Spiropyran-Modified Cellulose for Dual Solvent and Acid/Base Vapor Sensing

Stimuli-responsive materials based on renewable biopolymers are highly attractive for developing sustainable chemical sensors. Here, two spiropyran derivatives (SP1 and SP2) were synthesized and covalently grafted onto cellulose, yielding the functional materials Cel-SP1 and Cel-SP2. Cellulose was selected as a biocompatible, biodegradable, and renewable support able to provide a stable, hydrogen-bond-rich microenvironment for chromic responses. Raman spectroscopy confirmed successful esterification, while SEM-EDS analyses revealed preserved cellulose morphology and the incorporation of nitrogen-rich spiropyran moieties.

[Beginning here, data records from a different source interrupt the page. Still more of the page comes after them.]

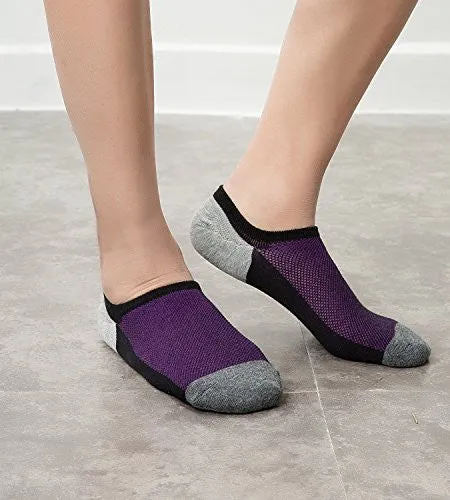 Men's Low Cut No Show Socks 6 Pack Colorful Athletic Running Sport Socks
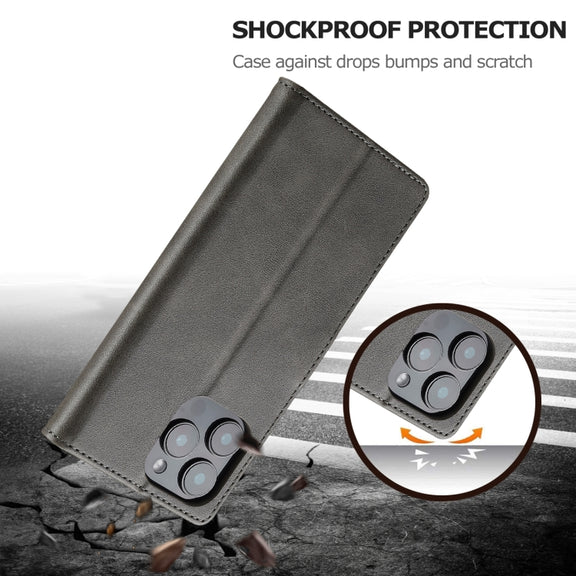 LC.IMEEKE Calf Texture Horizontal Flip Leather Case For iPhone 16 Pro Max(Grey)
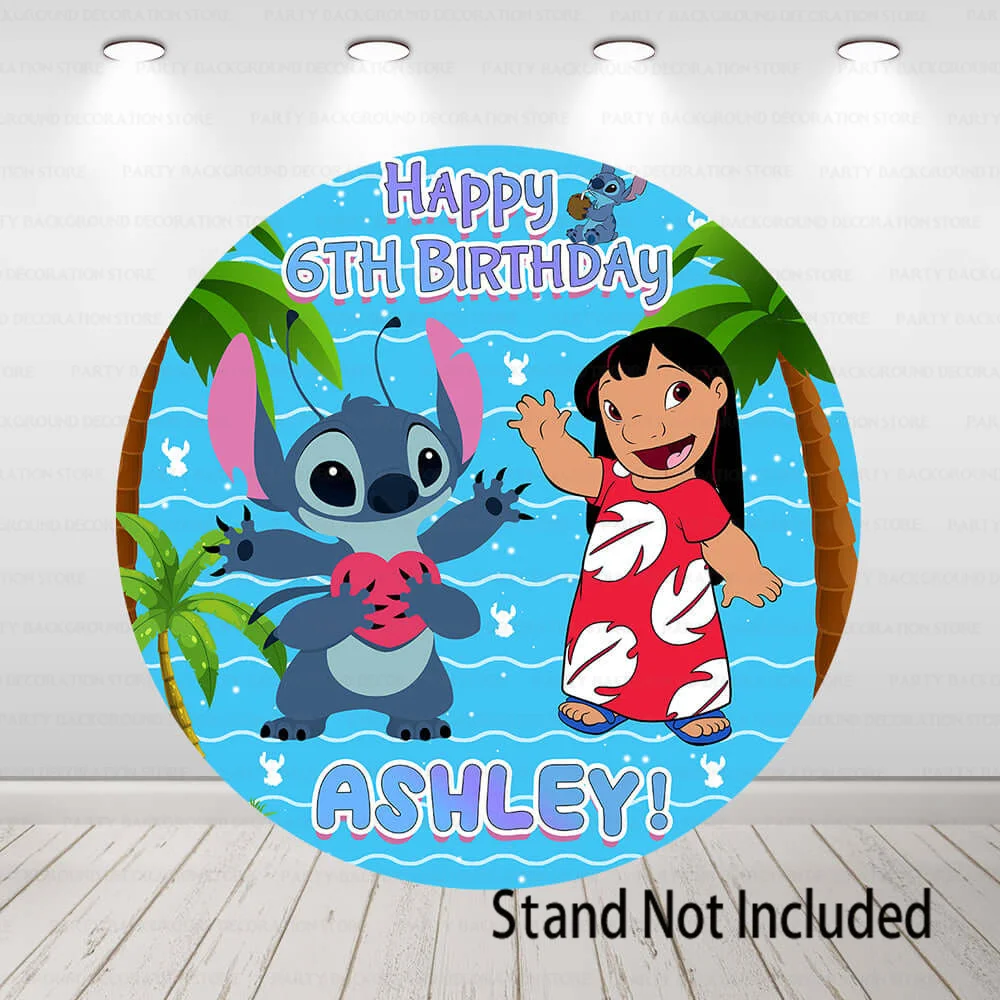 Summer Ocean Lilo & Stitch Baby Shower Round Backdrop Disney Boys Girls Birthday Party Decor Photography Backgrounds Banner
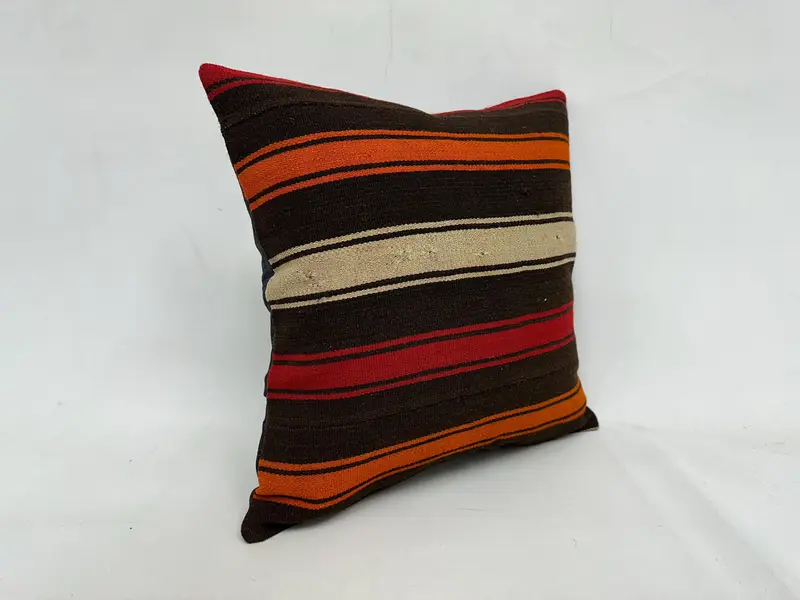Throw Kilim Pillow, 20x20 Brown Pillow Cover, Cotton Pillow Sham, Interior Designer Pillow, Cozy Throw Pillow, Pillow for Couch, Cushion Cover - 3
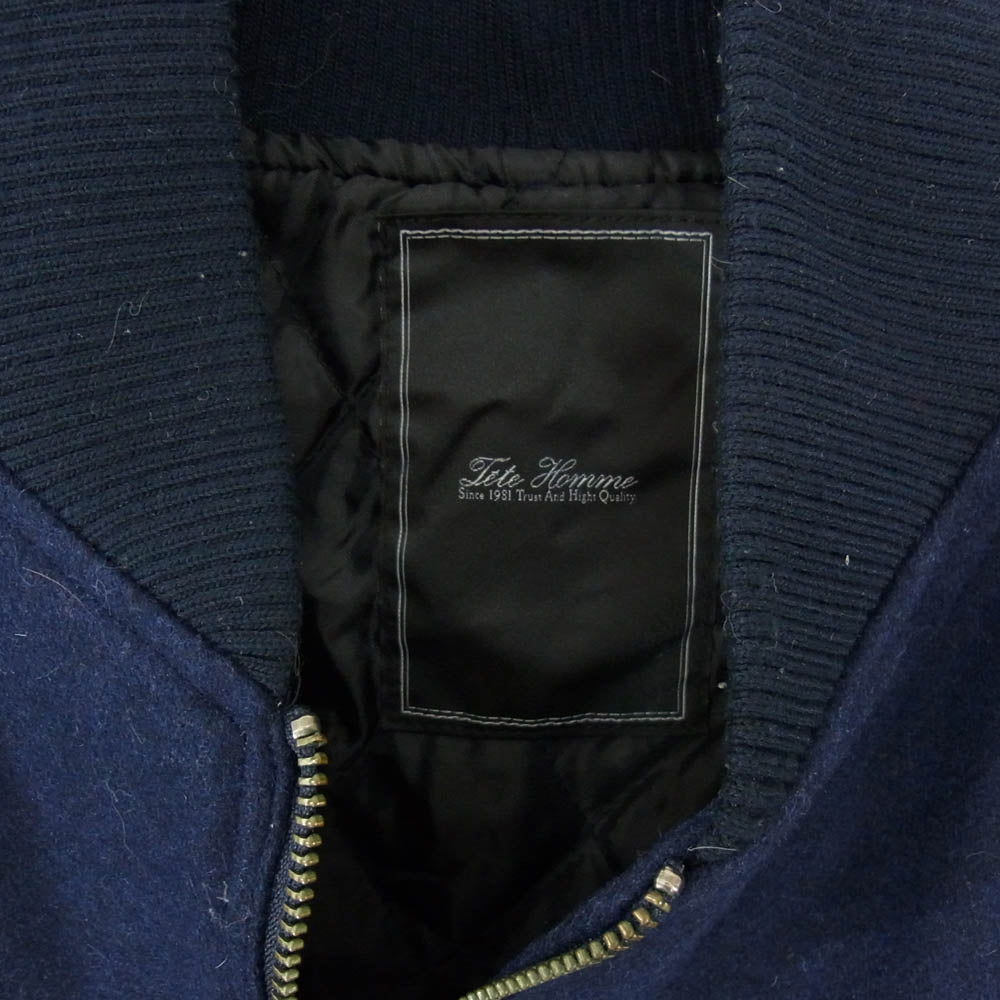 TETE HOMME テットオム 中綿入り ウール混 ジップ ジャケット ブルゾン ネイビー系 7【中古】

Both materials exhibited pronounced solvatochromic and pH-dependent behaviors in the solid state. Diffuse reflectance measurements revealed distinct bathochromic or hypsochromic shifts depending on solvent polarity and specific solute–matrix interactions, with DMF and DMSO producing the strongest responses. Under acidic vapors, both materials generated new absorption bands consistent with the formation of protonated merocyanine species, whereas basic vapors promoted partial or full reversion to the spiropyran form. Cel-SP1 and Cel-SP2 also displayed solvent- and pH-dependent luminescence, with Cel-SP2 showing a markedly higher sensitivity to protonation. Prototype solvent strips and acid/base vapor indicators demonstrated fast, naked-eye, reversible chromic transitions. These results highlight spiropyran-modified cellulose as an effective, renewable platform for dual solvent and acid/base vapor sensing.